Anima fragile, cantava anni fa Vasco Rossi. Quella fragilità con cui, a fasi più o meno alterne, ognuno di noi ha dovuto fare i conti e che, non a caso, fa rima con sensibilità. Negli ultimi anni sono stati molti, troppi, gli episodi che hanno messo in evidenza il fenomeno del bullismo, una vera e propria piaga sociale capace di condizionare l’esistenza di migliaia di persone che, soprattutto in giovane età, sono state vittime di soprusi psicologici e, in alcuni casi, anche fisici. Nel suo romanzo Nemici miei – Una lunga storia di bullismo (edizioni Albatros, pp. 121) Marco Albonico traccia gli inquietanti contorni del vero e proprio calvario subito da Carlo – il protagonista – nel corso di un periodo cruciale della sua vita, ovvero gli anni delle scuole elementari e medie, per mano di un manipolo di compagni di classe che lo hanno sottoposto ad angherie pressoché quotidiane.
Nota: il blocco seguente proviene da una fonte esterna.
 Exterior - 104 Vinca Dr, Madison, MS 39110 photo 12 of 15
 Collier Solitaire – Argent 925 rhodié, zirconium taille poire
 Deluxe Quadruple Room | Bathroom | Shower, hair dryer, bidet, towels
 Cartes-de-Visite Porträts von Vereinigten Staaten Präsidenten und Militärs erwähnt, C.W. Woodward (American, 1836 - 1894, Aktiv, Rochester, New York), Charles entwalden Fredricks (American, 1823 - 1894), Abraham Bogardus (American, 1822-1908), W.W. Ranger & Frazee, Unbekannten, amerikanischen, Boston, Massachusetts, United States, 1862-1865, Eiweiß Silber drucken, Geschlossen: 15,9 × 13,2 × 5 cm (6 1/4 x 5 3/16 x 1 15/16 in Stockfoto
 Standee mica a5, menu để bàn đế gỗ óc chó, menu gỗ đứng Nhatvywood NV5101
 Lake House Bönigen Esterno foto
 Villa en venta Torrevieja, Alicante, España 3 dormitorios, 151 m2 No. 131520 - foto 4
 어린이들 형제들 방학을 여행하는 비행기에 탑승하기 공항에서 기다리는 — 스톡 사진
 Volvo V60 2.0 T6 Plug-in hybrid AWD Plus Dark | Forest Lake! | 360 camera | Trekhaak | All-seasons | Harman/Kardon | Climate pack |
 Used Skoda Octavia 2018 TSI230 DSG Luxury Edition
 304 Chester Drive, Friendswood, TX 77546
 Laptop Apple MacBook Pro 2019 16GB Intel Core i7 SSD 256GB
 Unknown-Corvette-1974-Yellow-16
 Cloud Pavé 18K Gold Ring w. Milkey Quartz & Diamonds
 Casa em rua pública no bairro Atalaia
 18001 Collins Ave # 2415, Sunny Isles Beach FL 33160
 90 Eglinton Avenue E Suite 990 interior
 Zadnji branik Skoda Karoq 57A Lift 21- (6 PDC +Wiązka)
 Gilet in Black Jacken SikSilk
Gutta cavat lapidem, così come la goccia scava la pietra, il continuo perpetuarsi di insulti e atteggiamenti umilianti crea un solco ogni giorno più profondo nella serenità e nell’autostima di chi le subisce, condizionandone a volte irrimediabilmente la personalità.
Pagina dopo pagina, Marco Albonico riesce, grazie alla sua indubbia ed a tratti sorprendente abilità narrativa, ad accompagnarci lungo l’estenuante tragitto compiuto da Carlo, descrivendolo in modo coinvolgente a tal punto da farci vivere quei riprovevoli episodi come se, anziché seduti sulla nostra poltrona a leggere il libro, stessimo insieme a lui in quell’aula; un rapporto empatico a tal punto, quello che si crea con lo sfortunato protagonista, che nel corso di alcune scene induce a pensare che avremmo voluto essere lì, in quel preciso istante, per poter prendere le sue difese.
Una testimonianza fondamentale, quella messa nero su bianco da Marco Albonico nel suo Nemici miei, propedeutica all’emersione di una realtà che per troppo tempo, nel migliore dei casi, è stata affrontata con superficialità: «L’idea di scrivere questo libro – racconta l’Autore – nacque nel febbraio del 2011 quando, sfogliando un quotidiano, lessi di una professoressa di Palermo condannata ad un mese di carcere per aver punito un alunno costringendolo ad autodefinirsi “deficiente” sul proprio quaderno. Il ragazzo in questione aveva preso di mira un proprio compagno chiamandolo “gay”. Quella professoressa era stata condannata per aver fatto giustizia di un caso di bullismo: il danno e la beffa, il carnefice che si trasforma in vittima».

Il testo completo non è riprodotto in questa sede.